A informação foi revelada pelo Washington Post, que teve acesso a uma minuta do texto em circulação entre ativistas alinhados ao movimento MAGA (Make America Great Again).
O documento propõe declarar emergência nacional com base em alegações de “interferência chinesa” nas eleições de 2020. A partir disso, o presidente poderia proibir o voto pelo correio e o uso de máquinas eletrônicas, sob o argumento de vulnerabilidade a ataques externos.
Especialistas em direito eleitoral afirmam que o presidente americano não tem competência constitucional para alterar regras eleitorais de forma unilateral.
Juristas ouvidos pela reportagem do Post sustentam que a Constituição dos Estados Unidos atribui aos estados a responsabilidade pela administração das eleições. Para eles, qualquer tentativa de impor mudanças por decreto seria barrada rapidamente pela Justiça.
A secretária de Estado do Colorado, Jena Griswold, declarou que reagirá judicialmente caso haja avanço nesse sentido.
A minuta circula desde julho, relata o jornal, e teria sido discutido por aliados próximos ao presidente.

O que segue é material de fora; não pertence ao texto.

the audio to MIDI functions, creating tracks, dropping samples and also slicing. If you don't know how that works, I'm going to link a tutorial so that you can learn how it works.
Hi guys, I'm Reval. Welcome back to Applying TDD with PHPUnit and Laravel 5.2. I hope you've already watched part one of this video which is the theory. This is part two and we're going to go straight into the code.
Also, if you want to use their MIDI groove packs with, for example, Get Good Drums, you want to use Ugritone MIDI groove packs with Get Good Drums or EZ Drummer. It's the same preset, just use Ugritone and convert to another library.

Um dos defensores da proposta é Peter Ticktin, advogado de Tina Peters, ex-escrivã eleitoral republicana do Colorado que cumpre atualmente pena de nove anos de prisão estadual por seu papel na invasão de um sistema de votação em 2021, em uma tentativa de encontrar fraude eleitoral com base em teorias conspiratórias.

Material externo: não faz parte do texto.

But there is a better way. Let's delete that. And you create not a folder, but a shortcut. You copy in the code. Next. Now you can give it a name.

A Cláusula das Eleições da Constituição dos Estados Unidos concede explicitamente aos estados — e não ao presidente — autoridade exclusiva sobre as eleições. Ainda assim, Ticktin afirmou ao Post que, diante de adversários estrangeiros interferindo no processo eleitoral, “isso gera uma emergência nacional em que o presidente precisa ser capaz de agir”.

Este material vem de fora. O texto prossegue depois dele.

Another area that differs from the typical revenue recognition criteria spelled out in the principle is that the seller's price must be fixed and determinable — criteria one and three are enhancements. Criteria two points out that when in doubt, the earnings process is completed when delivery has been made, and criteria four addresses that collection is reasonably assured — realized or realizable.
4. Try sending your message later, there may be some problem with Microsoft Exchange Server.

Ticktin também declarou que vem coordenando com a Casa Branca a elaboração da minuta da ordem executiva.
Não é a primeira vez que ativistas pró-Trump e contrários ao voto sugerem que o presidente poderia recorrer a poderes de emergência para assumir o controle do processo eleitoral antes das eleições de meio de mandato.
Em setembro, a advogada conservadora Cleta Mitchell — que teve papel relevante na tentativa fracassada de Trump de reverter o resultado da eleição de 2020 — afirmou em um podcast que acredita que “o presidente está pensando em exercer alguns poderes de emergência para proteger as eleições federais daqui para frente”.
“A autoridade do presidente é limitada no que diz respeito às eleições, exceto quando há ameaça à soberania nacional dos Estados Unidos — como acredito que podemos estabelecer diante do sistema poroso que temos”, disse Mitchell.